Over a third of UK employees fear their boss doesn’t care about their mental health

With an impending no-deal Brexit putting people’s jobs at risk and jeopardising financial stability, one in 10 are being driven to consult a GP over workplace stress and anxiety. Despite this, many don’t feel supported by their boss

As part of Mental Health awareness week the think tank, Parliament Street, wants to help shine a light on mental health issues that can arise in the workplace.

According to a research poll conducted by the Parliament Street, over one third (35%) of UK workers believe their employer ‘does not care’ about their mental or financial wellbeing. The poll, with participants of over 2,000 full-time UK workers in professional roles, examined pressures placed on employees as well as money worries and concerns over Brexit.

Disturbingly, four in 10 people admitted lying to family members and colleagues about their financial and mental wellbeing. Additionally, 16% confessed to consulting their GP over stress in the last six months.

A further 17% admitted calling a debt helpline and 23% said they had considered suicide over financial worries in the last six months.

Fears over the impact of a no-deal Brexit were revealed. Twenty-two per cent divulged that a no-deal scenario would put their job at risk. A further 40% said they are planning to take a second job at night to make ends meet.

The poll found 16% of respondents said they had gone over their credit card limit in the last six months, and 13% admitted to using a foodbank in the same period. A further nine per cent said they had stolen from their employer out of financial desperation.

Derrick Farrell, CEO at Vita Health Group, said: “These figures paint a surprising picture of the state of mental health support systems for UK workers. Anyone, whatever their financial or personal circumstances, can find themselves faced with depression, anxiety or other illnesses, which all too often go untreated.

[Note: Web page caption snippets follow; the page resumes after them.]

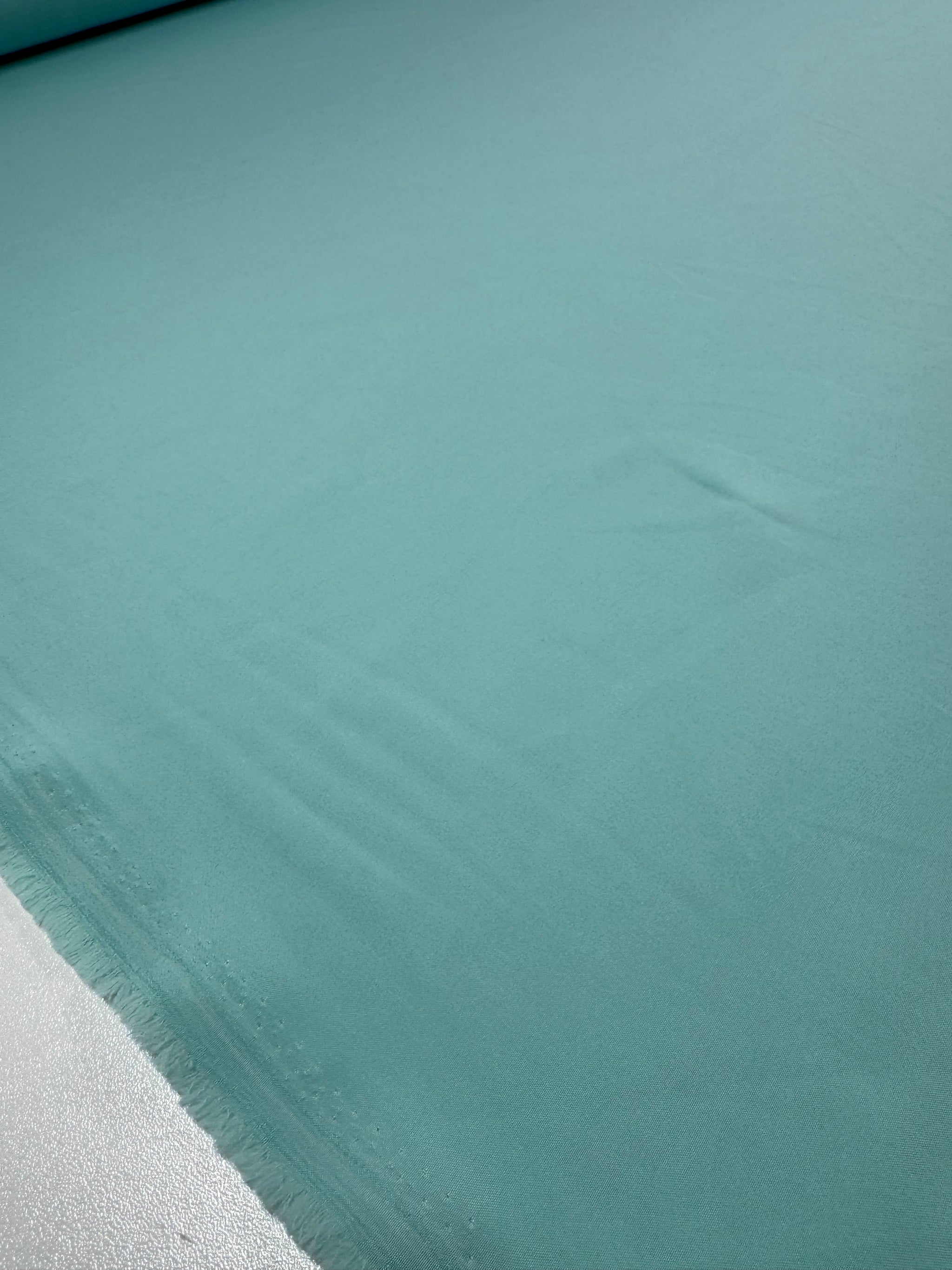 Deluxe Suiting - Dusty Jade Green - 150cm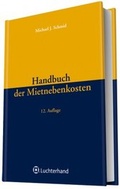 Cover: Handbuch der Mietnebenkosten - Luchterhand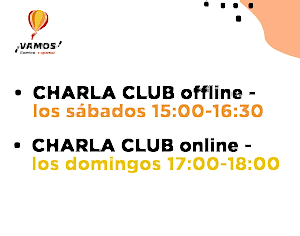 TEMAS. CHARLA CLUB. 23-24 DE DICIEMBRE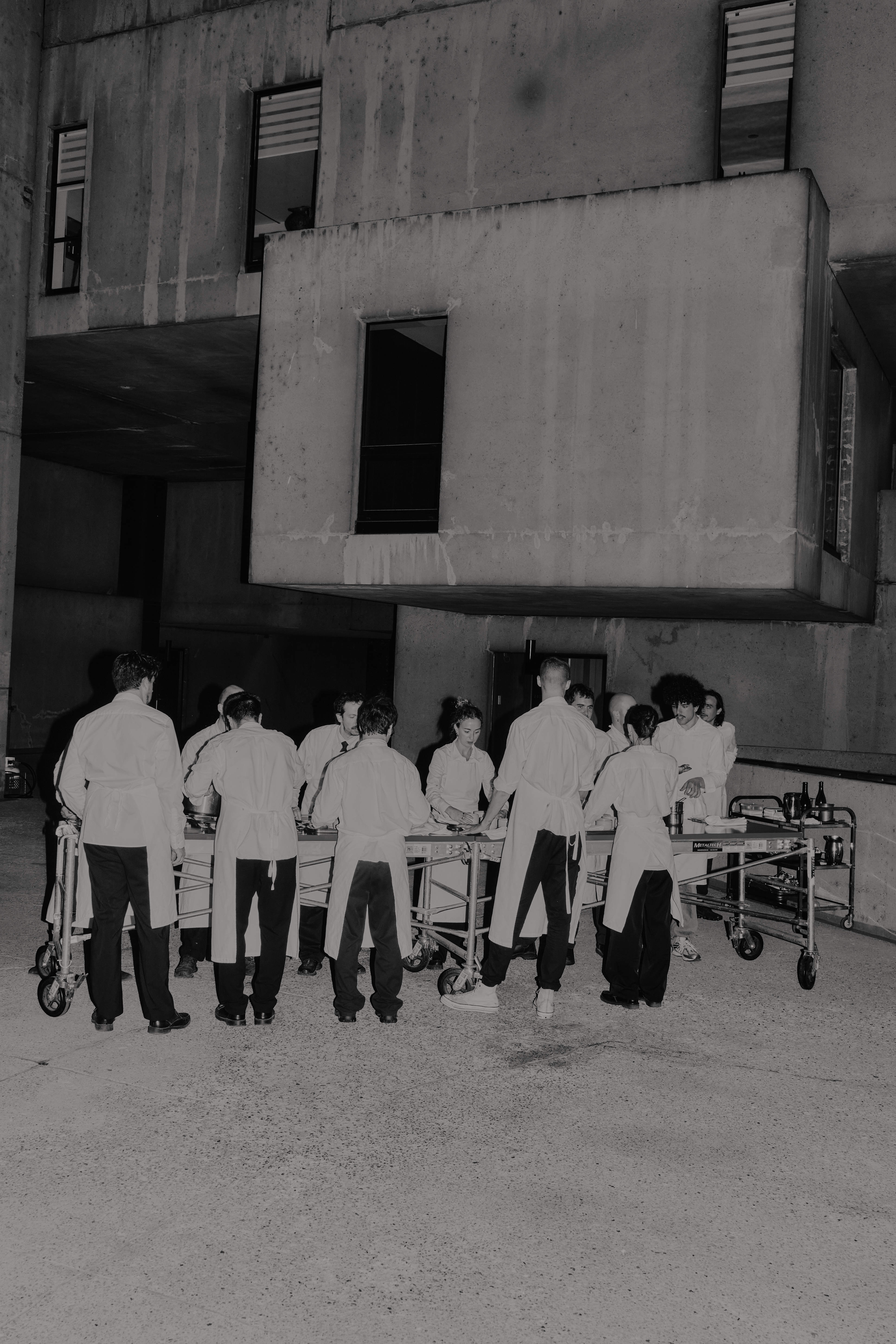 Menu Extra at Habitat 67, 2025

“It’s critical that employers invest in the highest standards of professional support, including employee assistance programmes, which can help tackle these challenges as well as ensuring every member of staff has access to the care they need.”

It is clear that better communication needs to exist between bosses and their employees, making the work environment a supportive place which welcomes the discussion of mental health instead of shunning it. We hope this research conducted by the Parliament Street think tank might kick-start the conversation.